Tino Chrupalla und Alice Weidel Mögliche Angriffe auf AfD-Führungsduo – was bekannt ist und welche Fragen noch offen sind

AfD-Fraktionsvorsitzende Tino Chrupalla und Alice Weidel sprechen vor der Presse
Am 26. September – drei Tage nach dem mutmaßlichen Polizeieinsatz bei Alice Weidel – hatte die AfD-Fraktionsvorsitzende noch gemeinsam mit ihrem Co-Vorsitzenden Tino Chrupalla vor der Presse gesprochen
© Lukas Fortkord / DPA
Zwei mysteriöse Vorfälle sorgen für Beunruhigung in der AfD. Parteichef Tino Chrupalla musste ins Krankenhaus eingeliefert werden, Co-Chefin Alice Weidel sich angeblich wegen einer Bedrohungslage auf Mallorca in Sicherheit bringen. Was bisher bekannt ist.

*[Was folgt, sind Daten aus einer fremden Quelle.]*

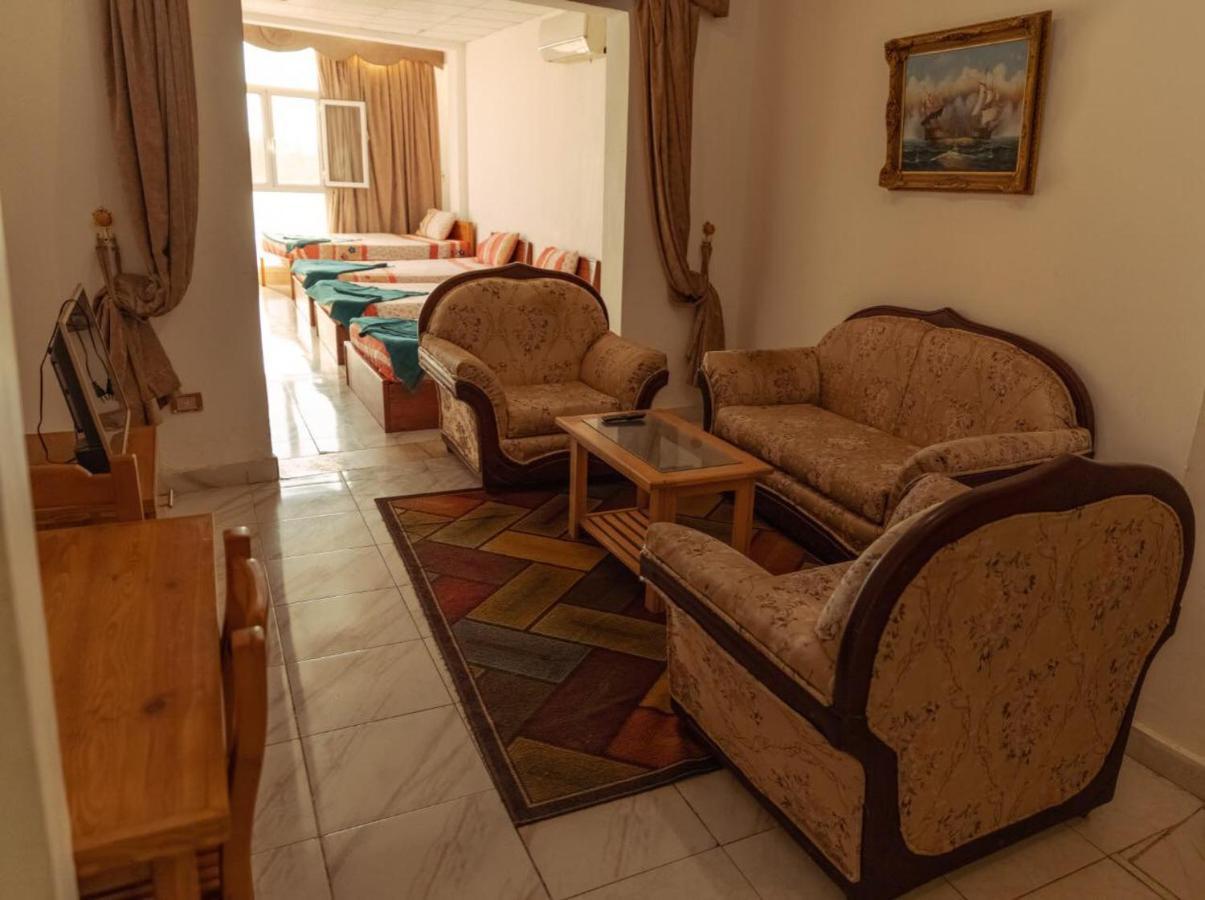 Station House Apartment Dahab Bagian luar foto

Wurde Tino Chrupalla angegriffen? Am Rande einer Wahlkampfveranstaltung am Mittwochnachmittag in Ingolstadt wurde der AfD-Parteichef ins Krankenhaus eingeliefert. Jetzt ermittelt die Staatsanwaltschaft wegen des Verdachts auf Körperverletzung. Das teilte eine Sprecherin der Ermittlungsbehörde der Nachrichtenagentur AFP mit (der stern berichtete). Die Ermittlungen laufen gegen Unbekannt.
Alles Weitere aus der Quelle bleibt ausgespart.